Mark Leftly: Network Rail challenge is like running a marathon but there's no gold medal
Outlook Sir David Higgins must think that the Olympics was a doddle. Having overseen the construction of London 2012 well under the (admittedly revised) budget of £9.3bn, the Aussie businessman decided to take charge of an organisation that really has earned a poor reputation over the years, Network Rail.
Running the country's rail network and its most prominent stations is never going to earn you plaudits, no matter what good you do. When trains are late and track is being relaid for safety purposes, Network Rail will inevitably get the blame, even though it doesn't run the franchises and has to upgrade the creaking rail infrastructure.
But even Sir David, who was under such scrutiny at the Olympics Delivery Authority, must be shocked that his £99,082 bonus has been so highlighted. Compare that with a predecessor, Iain Coucher, who took home a £641,000 bonus on top of a £631,000 base salary in 2010.
Sir David, frankly, looks like pretty good value for money, particularly given his efforts to commercialise the organisation by hunting out lucrative advisory work overseas. Put his recent success on top of that and you have to think the UK is lucky to have retained his services.
But Network Rail's debt burden continues to be a concern. Yesterday, it emerged that net debt had jumped £3bn to more than £30bn in the year to April.
Let's make an utterly irrelevant set of comparisons to try to put that figure into some sort of context. That debt is more than the GDP of Albania, Estonia or Equatorial Guinea; I'm not sure how well run their railways are, but those countries certainly wouldn't (or be able to) borrow that much on getting people from a to b. Now, Network Rail quite fairly points out that the figure is so eye-watering because it is spending £14m a day on tracks, signalling and expanding the railways.
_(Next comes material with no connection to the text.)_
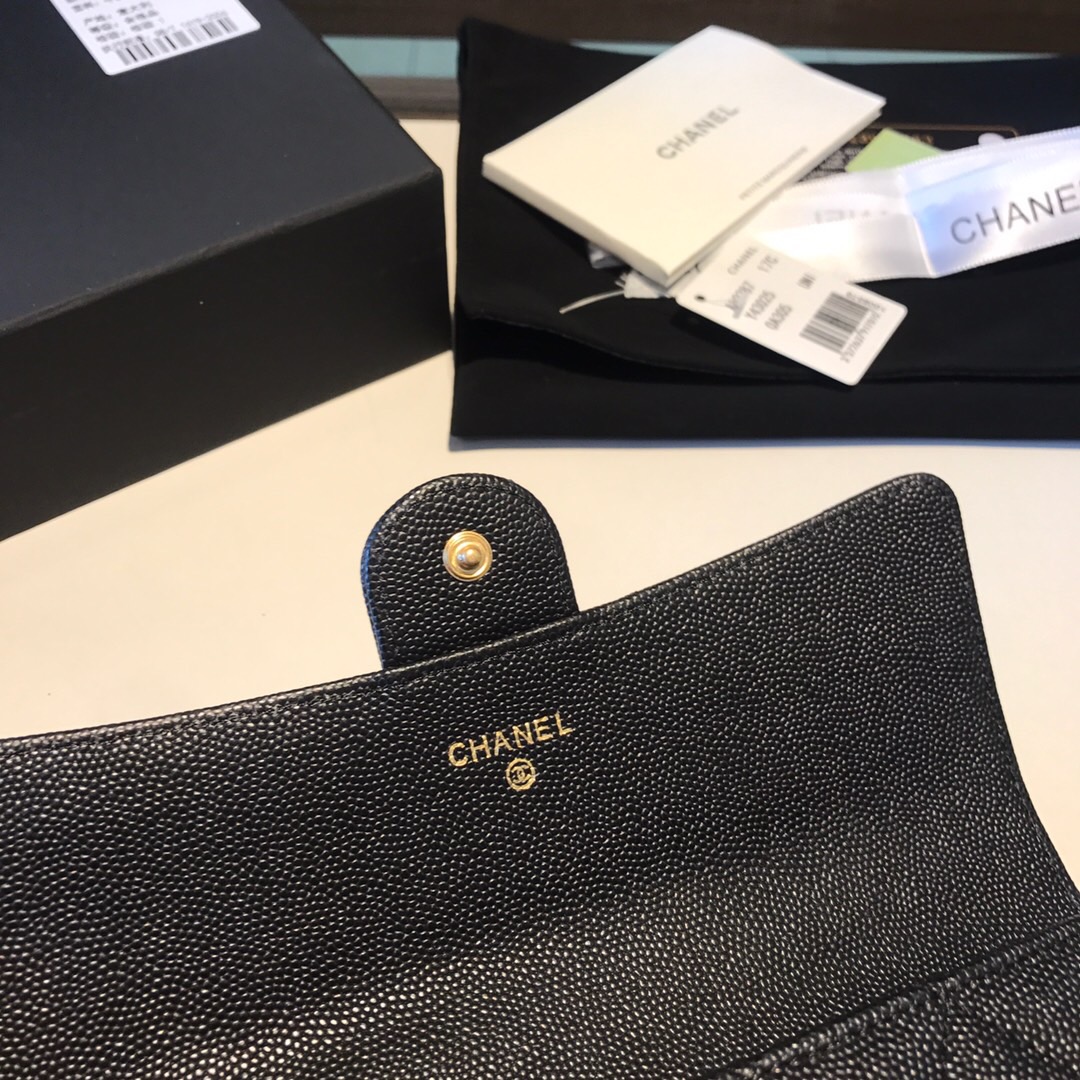 Ch**el Classic Flap wallet 02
Yet fewer trains ran on time last year than in the previous 12 months, and that is the statistic commuters really care about.
What Network Rail should also point out is how terribly precarious is the nature of that debt. Those of us who write often on infrastructure and transport were guilty of missing a massive story towards the end of last year, when Network Rail was sweating over having to renegotiate around £14.5bn of its bonds.
Most commentators were preparing for the Office of National Statistics to change how the Retail Price Index, the key inflation measure, was calculated in January. Surprisingly, no alteration was made, which came as a huge relief to Network Rail.
Any change would have, in the words of non-executive director Mike Firth, "trigger[ed] a mandatory redemption event" on those bonds, as it would have changed the basis on which the debt was issued. As well as the time it would have taken to renegotiate all those deals, Network Rail could have found itself having to pay more on that debt, sucking money out of track improvements and station refits.
A rail insider has even claimed the size of the debt would have meant the Government would have been compelled to come in and help Network Rail repay some or even all of the £14.5bn. The organisation has said it would have made sure the result of any negotiations would have left neither issuer nor noteholder any worse off, but that seems to be over-relying on the public spirit of the suits in the money markets.
Unfortunately for Sir David, and to the frustration of many of his fellow board members, few will ever praise his and their successes at Network Rail. The Olympics was seven years of hard graft and criticism followed by a fortnight's celebration.
With Network Rail, there's never a straight two weeks of bliss.